Thursday, November 25, 2010

Using the Confidence

Interval in Excel To

Find Customer Preferences

This article will show you exactly how to calculate a 95% Confidence Interval in Excel of the proportion of customers on a commercial web site who prefer to pay with a credit card instead of Paypal. The 95% Confidence Interval is the interval for which we are 95% sure that the true proportion of credit card-preferring customers lies within.

The larger the sample size, the more accurate and smaller the confidence interval will be. We are taking a random sample of 1,000 Internet shoppers on this e-commerce web site.
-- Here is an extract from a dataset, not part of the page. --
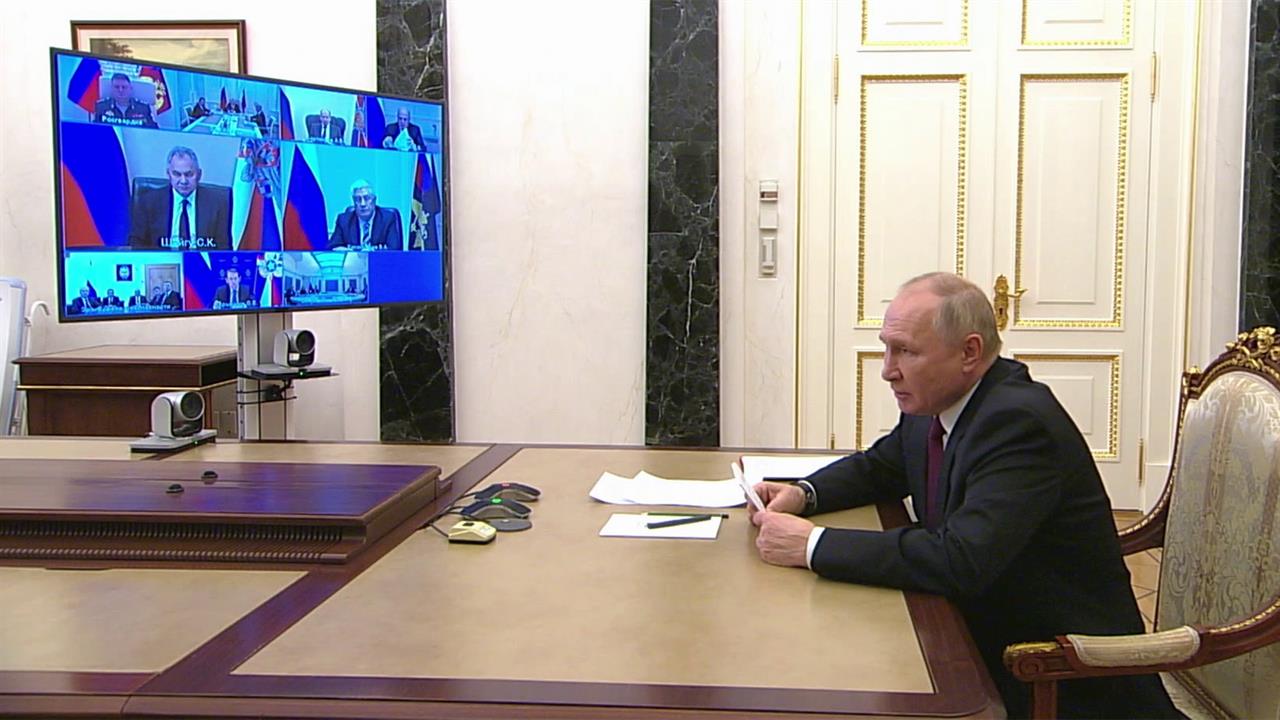 Президент провел совещание с Координационным советом по обеспечению потребностей ВС РФ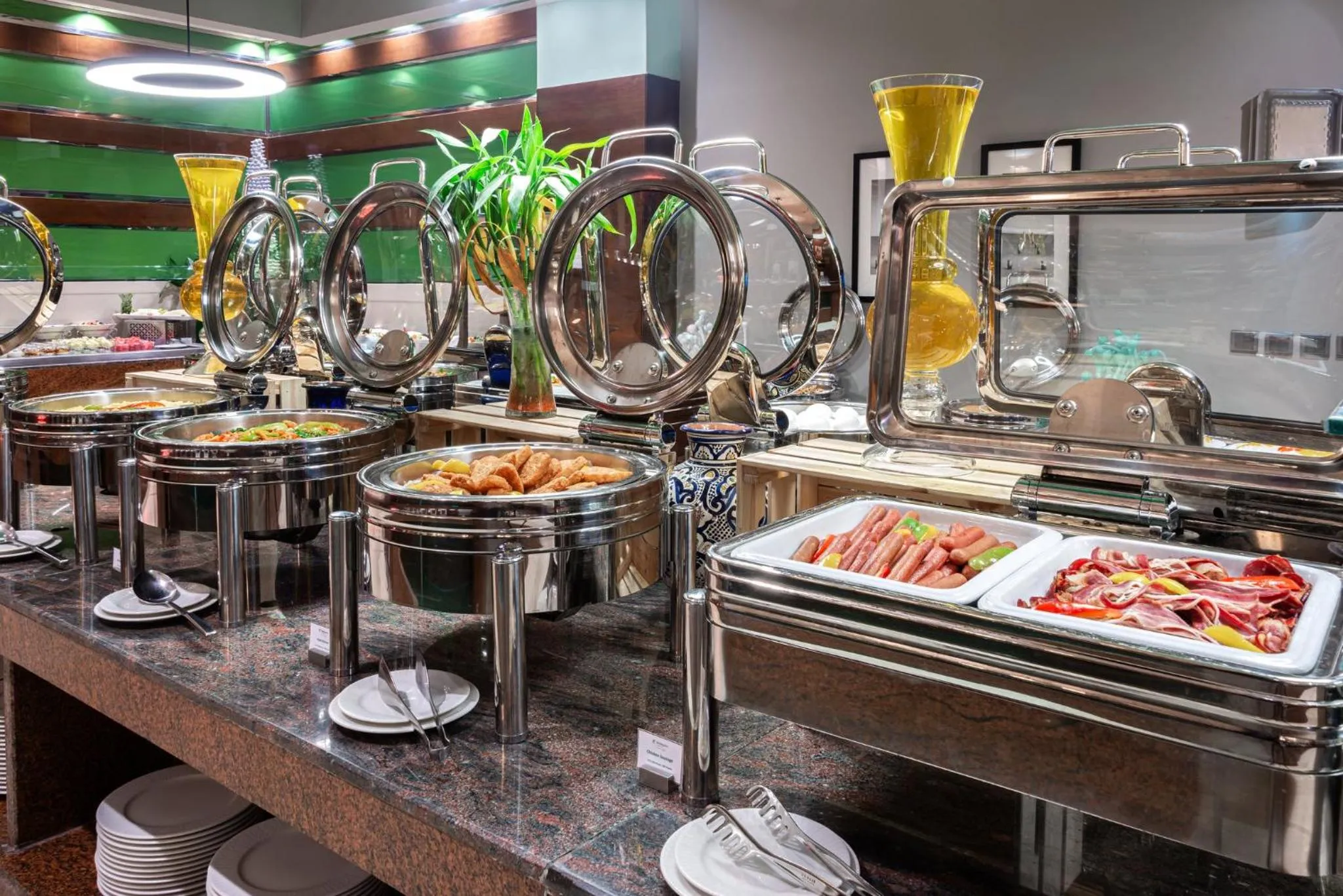 Restaurant/places to eat in Holiday Inn Riyadh Al Qasr by IHG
The advantages of statistical analysis in Excel to solve business statistics problems is that most problems can be solved in just one or two steps and there is no more need to look anything up on Normal Distribution tables.

The 95% Confidence Interval calculated here is a Confidence Interval for Proportion, not Means. A Confidence Interval for Means uses an entirely different set of statistical formulas. Another article in this blog shows exactly how to calculate a Confidence Interval Means. Here is the problem:

Problem: A random sample of 1,000 Internet shoppers on one web site was taken. 70% preferred to pay with a credit card. 30% preferred to pay with PayPal. Determine the 95% Confidence Interval for the proportion of the general population of shoppers on that web site that prefers to pay with a credit card.

Before we begin solving this problem, we need to know about creating Confidence Intervals in Excel. Here is a brief lesson:

Confidence Interval of a Population Proportion

Creating a Confidence Interval for a population's proportion is very similar to creating a Confidence Interval for a population's mean. The only real difference is how the standard error is calculated. Everything else is the same.

First, the difference between using sampling to estimate a population mean and using sampling to estimate a population proportion will be explained below:

Mean Sampling vs. Proportion Sampling

What determines whether a mean is being estimated or a proportion is being estimated is the number of possible outcomes of each sample taken.

Proportion samples have only two possible outcomes. For example, if you are comparing the proportion of click-through visitors in two different PPC ads who converted (purchased), each sample has only two possible values; the visitor sampled either converted (purchased) or they didn't.

Mean samples have multiple possible outcomes. For example, if you are comparing the mean sales of salespeople in two different cities, each salesperson's sales sampled can have numerous values.

Below is a description of how to calculate a Confidence Interval for a population's proportion. Note that everything is almost the same as the calculation of the Confidence Interval for a mean, except sample standard error.

Levels of Confidence and Significance

Level of Significance, α ("alpha"), equals the maximum allowed percent of error. If the maximum allowed error is 5%, then α = 0.05.

Level of Confidence is selected by the user. A 95% Level is the most common. A 95% Confidence Level would correspond to a 95% Confidence Interval of the Proportion.

This would state that the actual population Proportion has a 95% probability of lying within the calculated interval. A 95% Confidence Level corresponds to a 5% Level of Significance, or α = 0.05. The Confidence Level therefore equals 1 - α.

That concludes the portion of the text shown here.